11 thoughts on “Let’s get faster than the speed of sound – Fast Forward Science 2017

  1. Ooooooooouuuuh!!! Genau mein Thema! Wenn du noch Psychoakustik eingebaut hättest, dann hättest du von mir sogar einen Heiratsantrag bekommen… 😀 Ich freu mich schon auf die nächste Hirnmahlzeit.
    #sorryfornotwritinginenglish #sorrynotsorry

  2. Nice video! Gratz on 100 subscribers too! 🙂
    If you ever need any help here on YouTube, feel free to ask (I've got quite a bit of experience haha) 😛
    Good luck with your channel! 🙂

  3. falls es ein "follow-up video" geben sollte, ist https://en.wikipedia.org/wiki/Schlieren_photography eine interessante Sache. Zeigt schön die Druckunterschiede (pressure gradients) sowohl bei den Überschallsachen als auch bei wärmeabgebenden Objekten. mfg (für den Fall, dass Du es noch nicht kennen solltest)

  4. Very informative. Also clear audio and good visuals. The only suggestion I have to say is try to loosen up when you're in front of the camera. Right now, at times, your posture is very stiff and subconsciously it makes the viewer feel a bit of unease or tense. If you loosen up (like you did for your intro) the viewers will feel more comfortable. Apart from that, great video!! Keep it up!

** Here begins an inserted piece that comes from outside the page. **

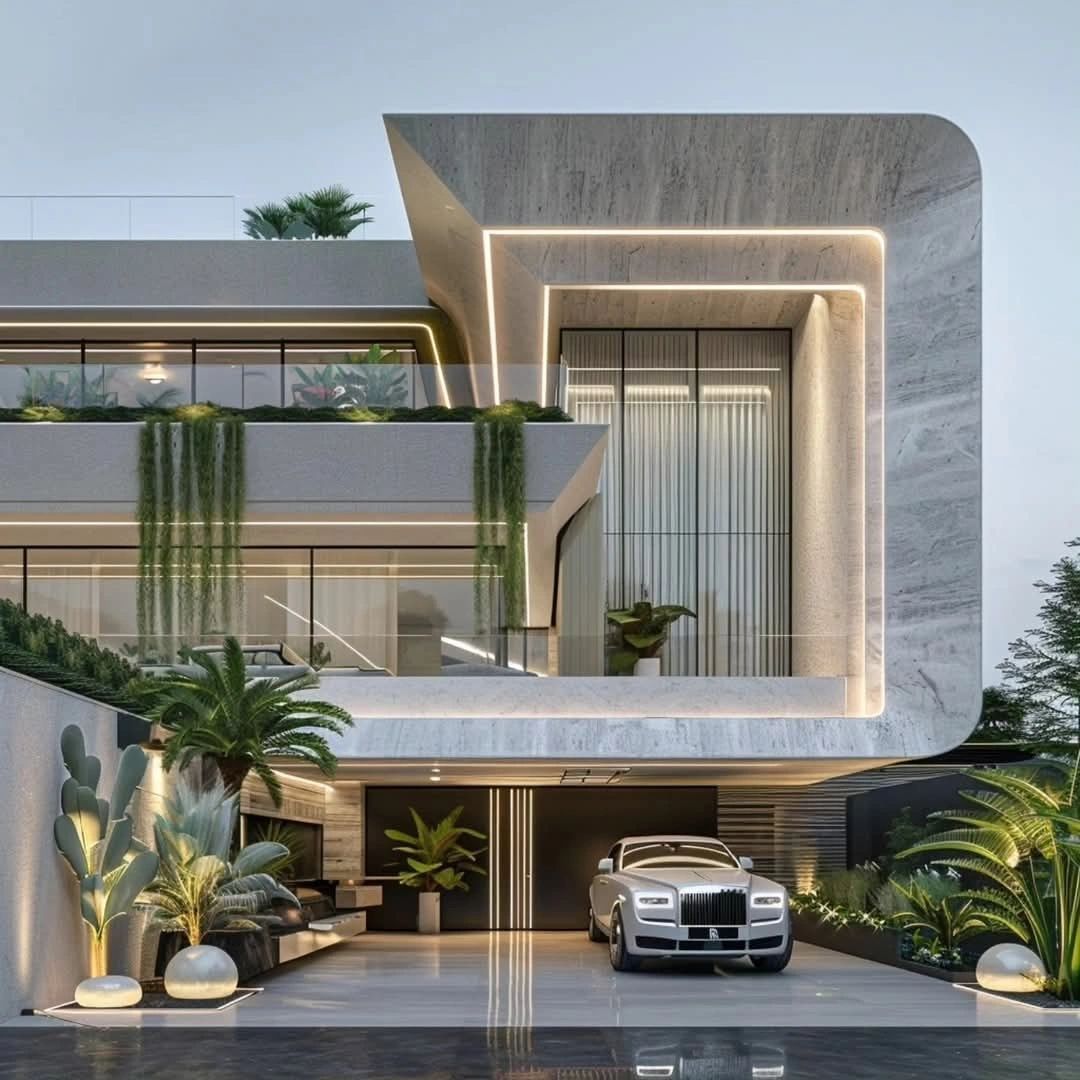 Thiết kế biệt thự hiện đại với mặt tiền lớn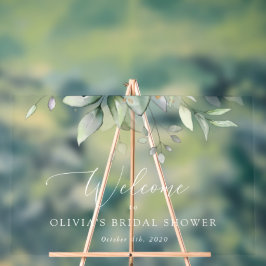 Greenery, Eucalyptus Leaves, Boho, Bridal Welcome Acryl Bord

  5. I think for the most part you do quite well explaining the concepts here. I like the water bottle visual, I like that tunnel getting smaller at about 2:39, etc. At some points, I think the explanation gets a bit too technical in places? Mainly I think of the mass flow equation. I think it's a fair bit at once to process, and people not familiar with math might not know why u has to go up if A goes down. I feel like that could've been explained a bit better, that is if your target audience is people who aren't all that familiar with math.
    Other than that, great video! The visuals were useful, the lighting, video, and audio quality were great, and I appreciate the humour too :>

  6. Hehe! Addition to last scene: The voice of supersonic woman reaches stationary woman – but backwards! (At least, while they are approaching each other, which is here obviously not the case, so everything fine in the video.)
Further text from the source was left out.